Aman Mohammed: La Tradition du Hejaz/The Tradition of Hejaz

Aman Mohammed: La Tradition du Hejaz/The Tradition of Hejaz (CD); OCORA Collection; OCORA C560158; 2001; Paris (02/14/16 Google search; landing page description for the following: (http://archive.aramcoworld.com/issue/200702/music/default.htm) – (Information not accessible); Maison de Radio France, Piece 1275, 116 Avenue du President Kennedy, 75786, Paris, Cedex 16 (02/14/16: (https://www.discogs.com/label/57784-Ocora)).

Per Wikipedia.org, accessed 02/14/2016, OCORA (https://en.m.wikipedia.org/wiki/Ocora) specializes in world music field recordings. It was established as part of state-owned Radio France in 1957, located at Maison de La Radio along the River Seine.

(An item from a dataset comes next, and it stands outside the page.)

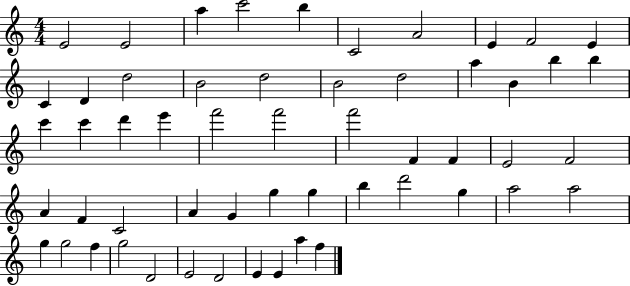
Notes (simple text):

E4/h E4/h A5/q C6/h B5/q C4/h A4/h E4/q F4/h E4/q C4/q D4/q D5/h B4/h D5/h B4/h D5/h A5/q B4/q B5/q B5/q C6/q C6/q D6/q E6/q F6/h F6/h F6/h F4/q F4/q E4/h F4/h A4/q F4/q C4/h A4/q G4/q G5/q G5/q B5/q D6/h G5/q A5/h A5/h G5/q G5/h F5/q G5/h D4/h E4/h D4/h E4/q E4/q A5/q F5/q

  1. Ya Makkat al-Khayr (04:47): Surprising in that some of the trope/trills sound almost reminiscent of Hebrew, down to even the “New York”/Ashkenazi pronunciation.
  2. Ahimu bi-Ruhi (05:59): A familiar tune, but I don’t like the styling. Too choppy. Would have preferred this in different regional dialect, with more whole, rounded vocalizations, rather than drawn and nasal.
  3. Hadha al-Futur (Ya Man Hawahu) (08:29): Soft, nice musical intro… Wish joining voice was so, but it’s sung with sufficient emotion to reflect the words of its poetry.
  4. Ayyuha al-Zabyu Masul al-Lama (05:39): Track 3 passed into Track 4 (this one) without much notice. Can do work with this in the background.
  5. Wa-lamma Talaqayna (07:32): Nice poem in translation. Too many scratches on this borrowed c.d. to hear it well. No discernible melody, so not as nice a match to the lyrics.
  6. Ya Ahl al-Hawa (09:36): Sounds like country music, Saudi-style.
  7. Ya Helwah Kasr el-Khawatir leh (03:05): This one starts off beautifully, musically. The singing is nice, too, but the sounds of some of the words in the beginning don’t sound so nice. But it is a nice song with rhythm and nice singing. Maybe the best song on the whole album.
  8. Ya Sayyid al-Helwin (10:25): This is a really cool song. It sounds like ‘oasis’ meets ‘Orientalism’. Written by Ibrahim Khafaji, author of the Saudi Arabian national anthem, it draws on the Red Sea region, which is probably its appeal to me in sounding almost like a Jewish tribe in the Arabian areas, just across the sea from Israel. I think this might even top number seven, just prior to it.
  9. Jadak al-ghayth (10:08): This sounds like an octave-lower version of number eight, which is why I was confused when song ten popped up and I thought I missed number nine. This is beautiful in a sombre, haunting way. It does blend from song number eight and I think they should always be played together.
  10. Bi-Habib al-Qulub (05:37): No melody. One of the notes sung is done with clarity and beauty.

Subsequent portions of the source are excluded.